A Princesinha Grávida, de Paula Rego

Descubra mais sobre a obra pelas palavras da investigadora Leonor de Oliveira.
Leonor de Oliveira 02 jun 2022 3 min
Obras da Coleção do CAM

Em abril de 1976, Paula Rego enviou à Fundação Calouste Gulbenkian um pedido de apoio para a sua pesquisa sobre os contos de fadas e contos populares. A artista terminava o programa de trabalhos manifestando a sua intenção de «ilustrar mais prolificamente os contos tradicionais portugueses ou integrar esses mesmos contos eternos na nossa mitologia contemporânea e experiência pessoal através da pintura.» A Princesinha Grávida resultou desta investigação, que se centrava no estudo destas histórias, da sua circulação pelo mundo e da sua ilustração ao longo dos tempos[1].

 

Paula Rego, Boletim de candidatura a uma bolsa da Fundação Calouste Gulbenkian.
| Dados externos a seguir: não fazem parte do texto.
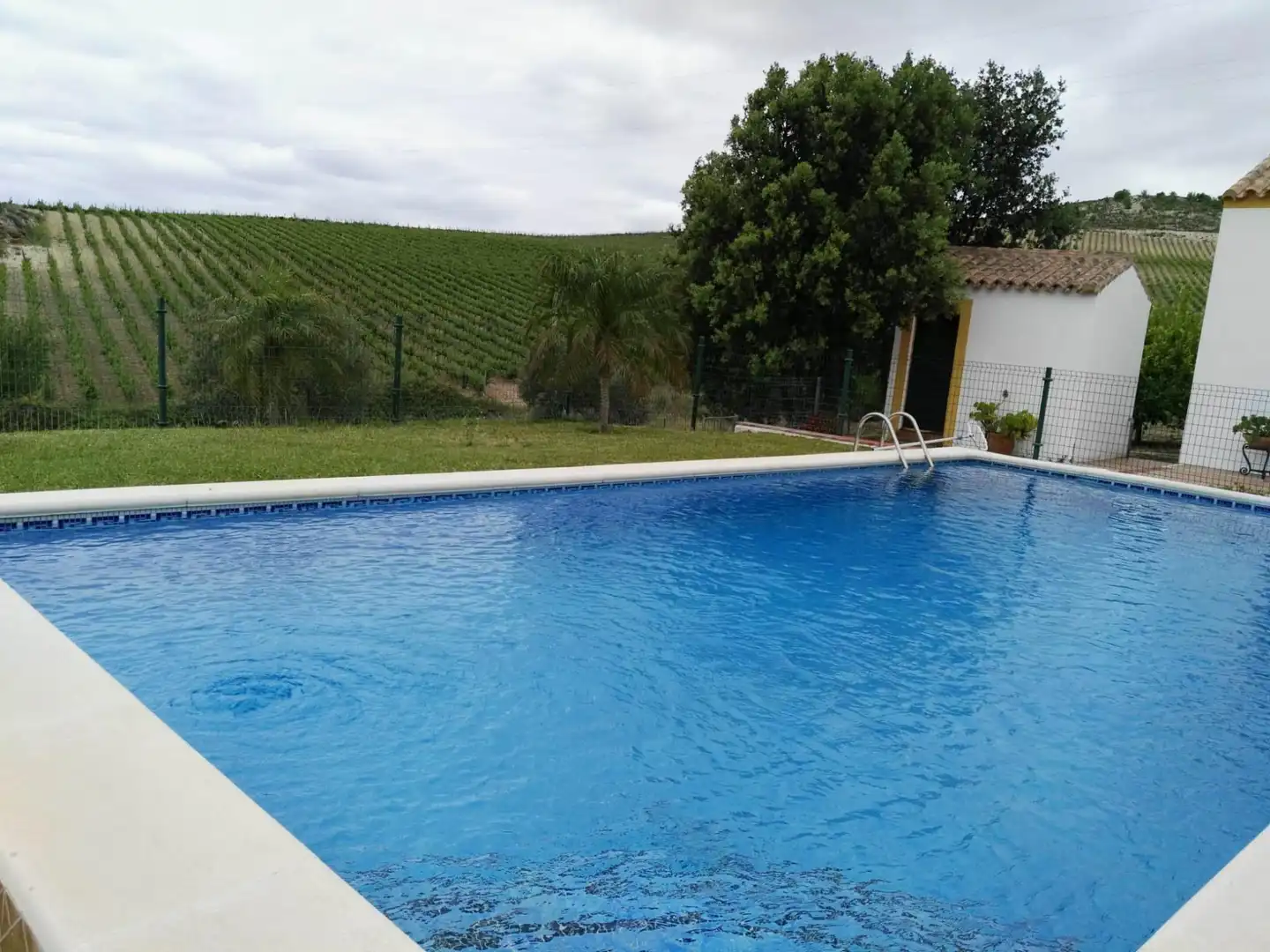 Piscina de Finca rústica en venda en Arcos de la Frontera amb Jardí privat i Piscina comunitària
Lisboa, 26 de abril 1976. Arquivos Gulbenkian

 

Encontramos, por isso, o primeiro registo desta escultura/objeto têxtil ou «boneco», como Paula Rego designa este tipo de obras, no relatório que enviou à Fundação em 1978. A obra encontra-se acompanhada de fotografias de outros personagens que remetem para o imaginário universal dos contos de fadas (como O Príncipe Perfeito, também da coleção do CAM), que a artista compusera em pano e a que dera uma presença tridimensional. A Princesinha Grávida, designada no relatório como A Princesa Pele de Burro, aponta para a atenção que Paula Rego dá aos contos que têm como protagonistas personagens femininas, e que remetem para a experiência da mulher, sobretudo os desafios e a violência do seu percurso iniciático num mundo dominado por homens.

 

Paula Rego, página do segundo relatório de bolsa com fotografia de A Princesinha Grávida, então intitulada «A princesa pele de burro», 1978. Arquivos Gulbenkian

 

O conto que inspirou esta obra foi recolhido da compilação de Charles Perrault do século XVII. O conto descreve o assédio de um rei viúvo à sua própria filha, e aborda claramente o tema do incesto. A mudança de título para A Princesinha Grávida revela a intervenção da própria artista na história e estabelece uma versão alternativa em que o incesto, a violação e a gravidez juvenil são desfechos possíveis. A apropriação do conto por parte de Paula Rego determina ainda a própria configuração da princesinha: a cara disforme, marcada pelas costuras do pano, os cabelos de lã e os materiais simples e mundanos, afastam-na de uma beleza idealizada e inacessível e tornam-na muito próxima do mundo quotidiano.

 

Paula Rego, «A Princesinha Grávida», 1977. Inv. 78E873

 

A Princesinha Grávida resulta então de um processo criativo que interpreta subjetivamente os contos tradicionais e constitui um «universo pessoal», como Paula Rego explicou numa conversa com Salette Tavares[2]. A artista tinha já trabalhado com tecidos na criação de composições bidimensionais, como tapeçarias, mas a sua abordagem dos contos leva-a a produzir os «bonecos». Estes começam, a partir do final dos anos 1970, a habitar o seu universo criativo, ora como obras de arte, ora como modelos ou elementos das cenografias que a artista construirá, mais tarde, como base para a sua pintura.[3]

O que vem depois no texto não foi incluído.